Mohamed Y. Rady, MD PhD, Department of Critical Care Medicine, Mayo Clinic Hospital, Mayo Clinic Arizona, Phoenix, Arizona.
Joan L. McGregor, PhD, Lincoln Professor of Bioethics, Department of Philosophy, Arizona State University, Tempe, Arizona.
1. DeVita MA, Caplan AL. Caring for Organs or for Patients? Ethical Concerns about the Uniform Anatomical Gift Act (2006). Ann Intern Med. 2007;147(12):876-879.
2. Verheijde JL, Rady MY, McGregor JL. The United States Revised Uniform Anatomical Gift Act (2006): New challenges to balancing patient rights and physician responsibilities. Philos Ethics Humanit Med 2007;2:19
Available at http://www.peh-med.com/content/2/1/19
3. Committee on Increasing Rates of Organ Donation-Board on Health Sciences Policy-Institute of Medicine. Organ Donation: Opportunities for Action. Washington, D.C.: The National Academies Press; 2006. (Childress JF, Liverman CT, eds.
4. Bernat JL, D'Alessandro AM, Port FK, et al. Report of a National Conference on Donation after Cardiac Death. Am J Transplant. 2006;6(2):281 -291.
5. Bernat JL. Are Organ Donors after Cardiac death Really Dead? J Clin Ethics. 2006;17(2):122-132.

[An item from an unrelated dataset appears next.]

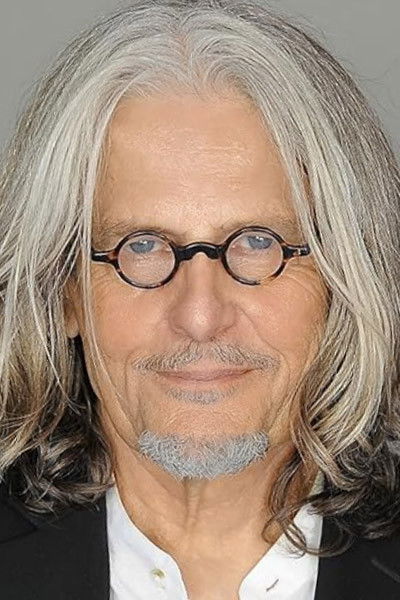 et billede af Elias McCabe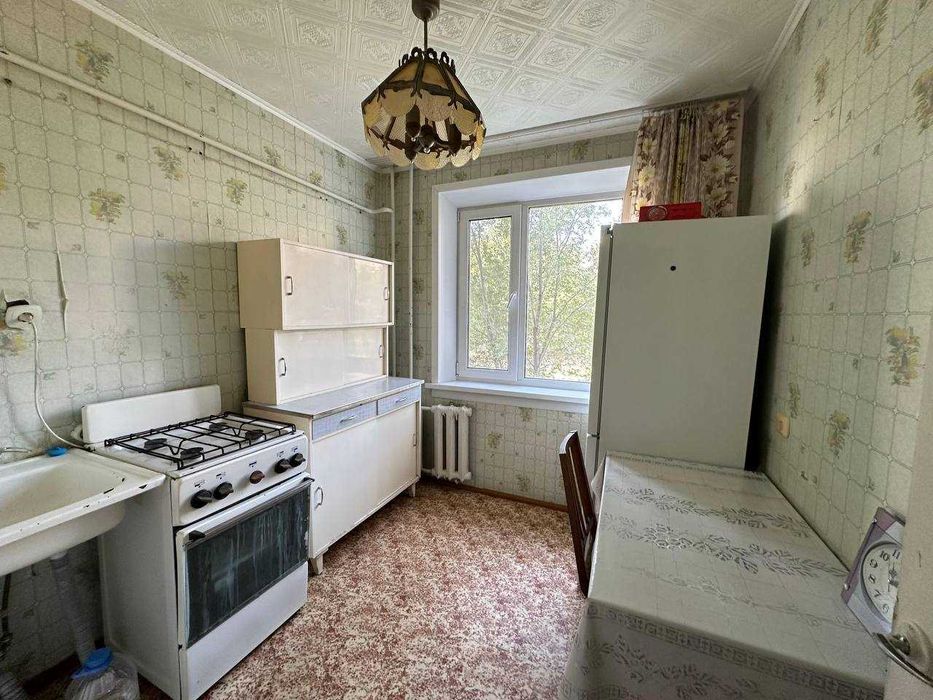 Продам 2-х комнатную квартиру в 8 микрорайоне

6. Grasser PL. Donation after Cardiac Death: Major Ethical Issues. The National Catholic Bioethics Quarterly 2007;7(3):527-544.
Michael A DeVita
University of Pittsburgh
February 6, 2008
Caring for donors or patients?
We thank Dr. Verheijde and colleagues for their comments. We agree that the revised UAGA 2006 remains imperfect and contentious. The original sections 14c and 21b required provision of critical care procedures and support to maintain the potential for organ donation. NCCUSL was trying to discourage clinicians from hastily discontinuing life sustaining treatments (LST) prior to an assessment of the potential for organ donation. NCCUSL argued that a majority of Americans want to become organ donors after death, and so care alteration that prevents that option precludes the will of the majority. They purport to have data showing that many persons who might become brain dead have LST stopped prior to assessment of donor status. In its efforts to prevent failure to procure organs from persons desiring to donate, NCCUSL effectively prevented another shared will of Americans, namely to have control over their end of life care (EOL). When we spoke directly with NCCUSL about this issue, they agreed that the UAGA 2006 allowed donation to trump other EOL considerations, including advance directives and family wishes. They subsequently made changes. Section 21b now 1) recognizes that organ donation consideration is part of EOL care, and 2) states clearly that organ donation should not interfere with quality EOL care. NCCUSL reasoned that because section 21 now makes these points, an adjustment to 14(c) was moot. We feel the changes establish equipoise between donation and EOL care, and so there is enough merit to warrant our support. Regarding Dr. Verheijde et al's second assertion, we believe it is simply wrong. Multiprofessional, governmental, and ethical groups that have provided support. (1) We also disagree with Verheijde regarding the proper balance between respecting wishes about EOL care and organ donation. We support both organ donation and quality EOL care. Some may see organ donation and EOL care as mutually exclusive considerations, but that is not usually the case. Fortunately, with thoughtful discussion it may be possible to accommodate both. With permission, briefly continuing life support to enable organ donation may allow an important EOL goal to be achieved. Finally, we believe future work on the UAGA should include EOL professionals since transplant recipients are not the only constituency that needs to be represented in their deliberations.
1. DuBois JM, DeVita MA. Donation after cardiac death in the United States: How to move forward. Crit Care Med 2006; 34: 3045-47.